Start of Dataset section

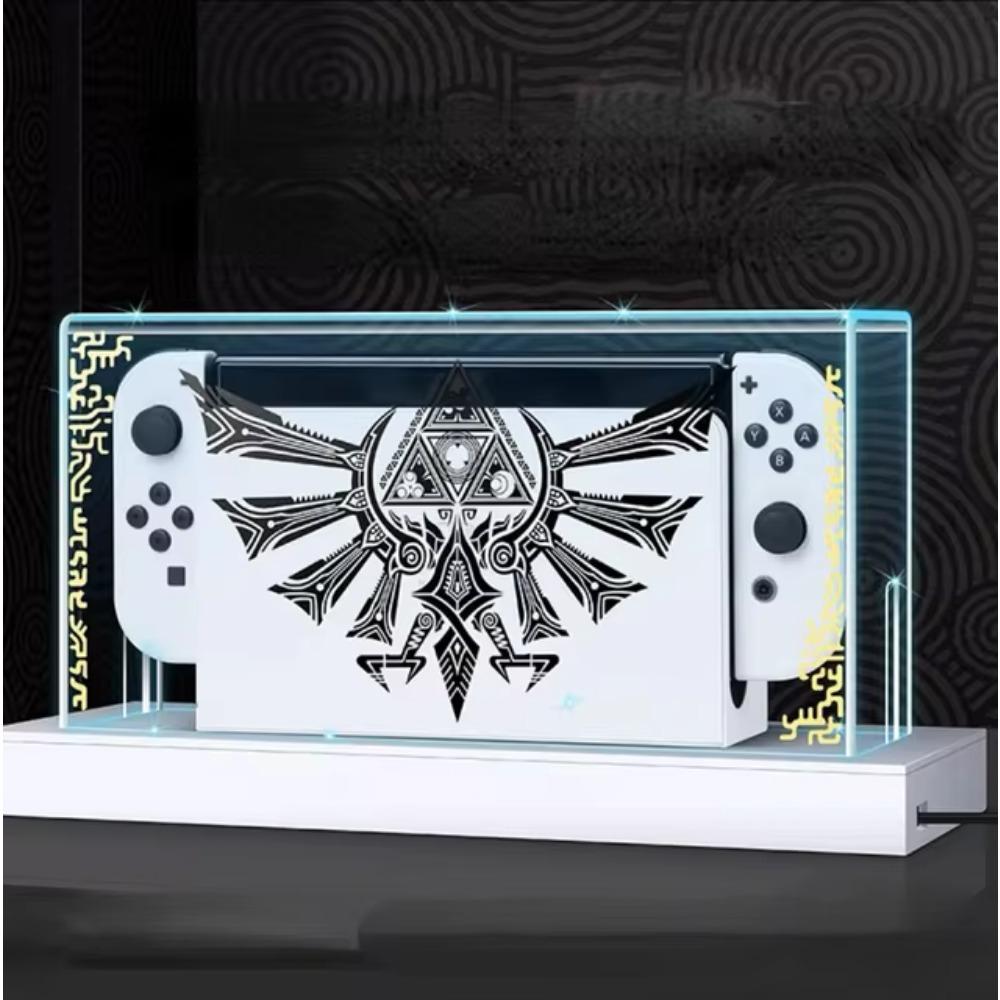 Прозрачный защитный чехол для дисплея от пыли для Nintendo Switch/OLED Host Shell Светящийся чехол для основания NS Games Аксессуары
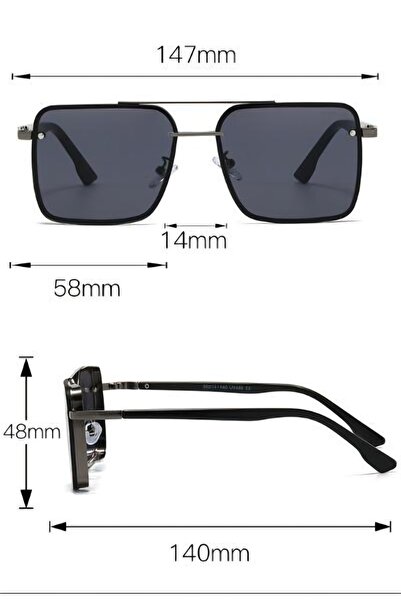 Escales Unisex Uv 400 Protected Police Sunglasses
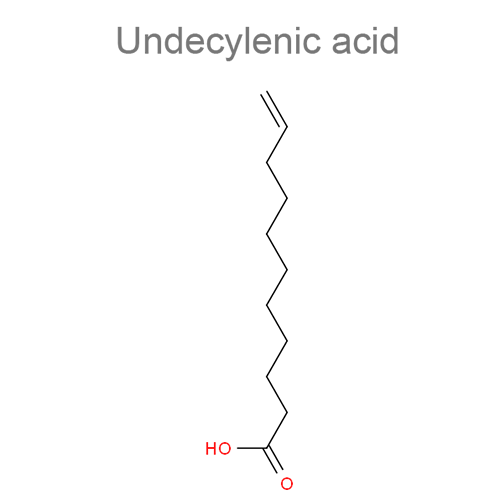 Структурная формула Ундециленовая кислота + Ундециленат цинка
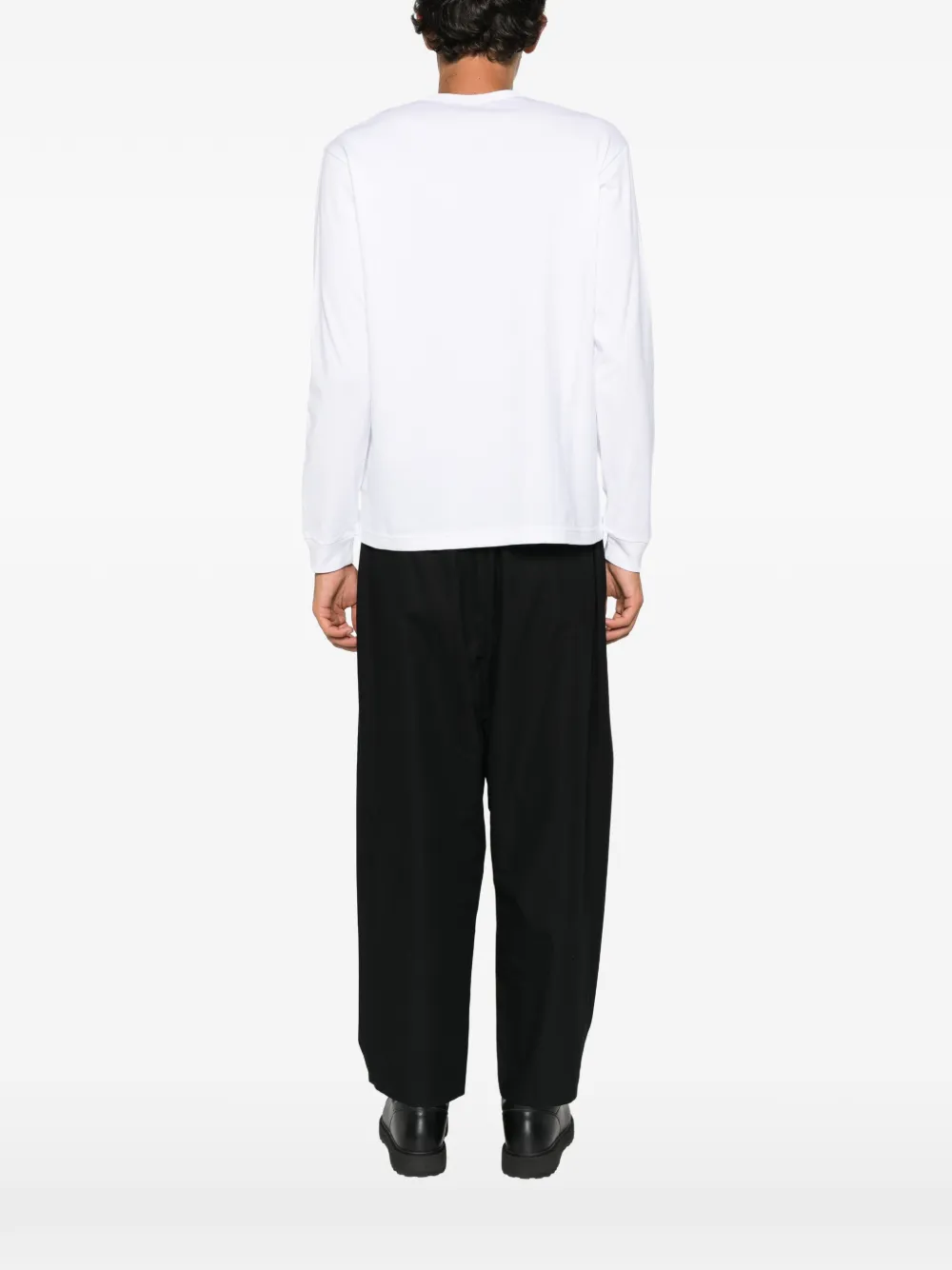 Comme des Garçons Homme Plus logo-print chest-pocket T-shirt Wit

End of Dataset section

Where a picture appears in the listing above, skip it and set down all the rest exactly.

Task output:
 Прозрачный защитный чехол для дисплея от пыли для Nintendo Switch/OLED Host Shell Светящийся чехол для основания NS Games Аксессуары
 Escales Unisex Uv 400 Protected Police Sunglasses
 Структурная формула Ундециленовая кислота + Ундециленат цинка
 Comme des Garçons Homme Plus logo-print chest-pocket T-shirt Wit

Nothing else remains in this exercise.